Chapter 18 of Silent Vector

Chapter 18, in which Nick Temple meets a man and a woman in Cairo



Hugh Ridgely is an ex-pat. Although his degree in economics, which he took from Cambridge in 1938, is the foundation upon which he built a lucrative career in the American oil industry, it was his almost whimsical decision to study Arabic while at Cambridge, one his father thought frankly foolish, that made such a career possible. After taking his degree he headed straight for America and immediately landed a job with Caltex, the American oil company running around the Arabian Peninsula’s east coast in the 1930s hoping to find oil. They found it in bunches, and by 1955 Ridgely’s personal fortune was sufficient to allow him to retire at the age of 40. He bought a home on Long Island in the Hamptons and began to settle in for a life of leisure: golf, sailing, occasional trips into New York to take in a Broadway play, and not much else. Within six months he was bored nearly out of his mind.

The Suez Crisis of 1956 was the spark that lit the flame that became Hugh Ridgely’s second life. Through a contact from his days at Caltex’s eventual successor entity, Aramco, he offered up his knowledge of the Middle East’s economy and culture to the American State Department. State referred him to the CIA and within a month he found himself wandering the streets of Cairo helping keep tabs on a growing Soviet presence in Egyptian internal politics. By 1962 the Cairo station was his, and his dream of being a country gentleman relaxing on his estate fronting the Atlantic Ocean was a distant memory.

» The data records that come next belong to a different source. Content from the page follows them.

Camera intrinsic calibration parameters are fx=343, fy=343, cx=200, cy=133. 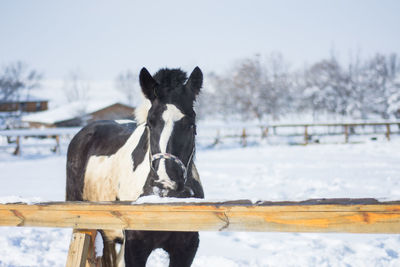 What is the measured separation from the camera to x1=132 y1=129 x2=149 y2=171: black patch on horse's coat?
2793 millimetres

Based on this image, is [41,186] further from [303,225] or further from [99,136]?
[303,225]

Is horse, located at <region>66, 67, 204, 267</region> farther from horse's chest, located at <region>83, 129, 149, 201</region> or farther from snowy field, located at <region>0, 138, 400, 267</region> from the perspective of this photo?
snowy field, located at <region>0, 138, 400, 267</region>

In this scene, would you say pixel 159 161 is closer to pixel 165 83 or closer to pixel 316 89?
pixel 165 83

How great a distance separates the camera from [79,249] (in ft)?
5.78

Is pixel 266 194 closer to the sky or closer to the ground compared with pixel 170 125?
closer to the ground

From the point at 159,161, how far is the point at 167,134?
0.21 meters

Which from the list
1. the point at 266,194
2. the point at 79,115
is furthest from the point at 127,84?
the point at 266,194

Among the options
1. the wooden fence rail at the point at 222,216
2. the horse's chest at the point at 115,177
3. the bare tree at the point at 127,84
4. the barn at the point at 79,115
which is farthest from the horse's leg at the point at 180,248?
the bare tree at the point at 127,84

Ridgely finishes his morning routine of tea, toast and The Egyptian Gazette just as his secretary knocks on his door and enters.

“Mr. Temple to see you, sir.”

Ridgely wipes his mouth with his napkin.

“Right. Send him right in.”

“Mr. Temple, won’t you come in?”

Ridgely’s secretary opens the door to his office all of the way to allow Nick in the room. Ridgely stands to greet him.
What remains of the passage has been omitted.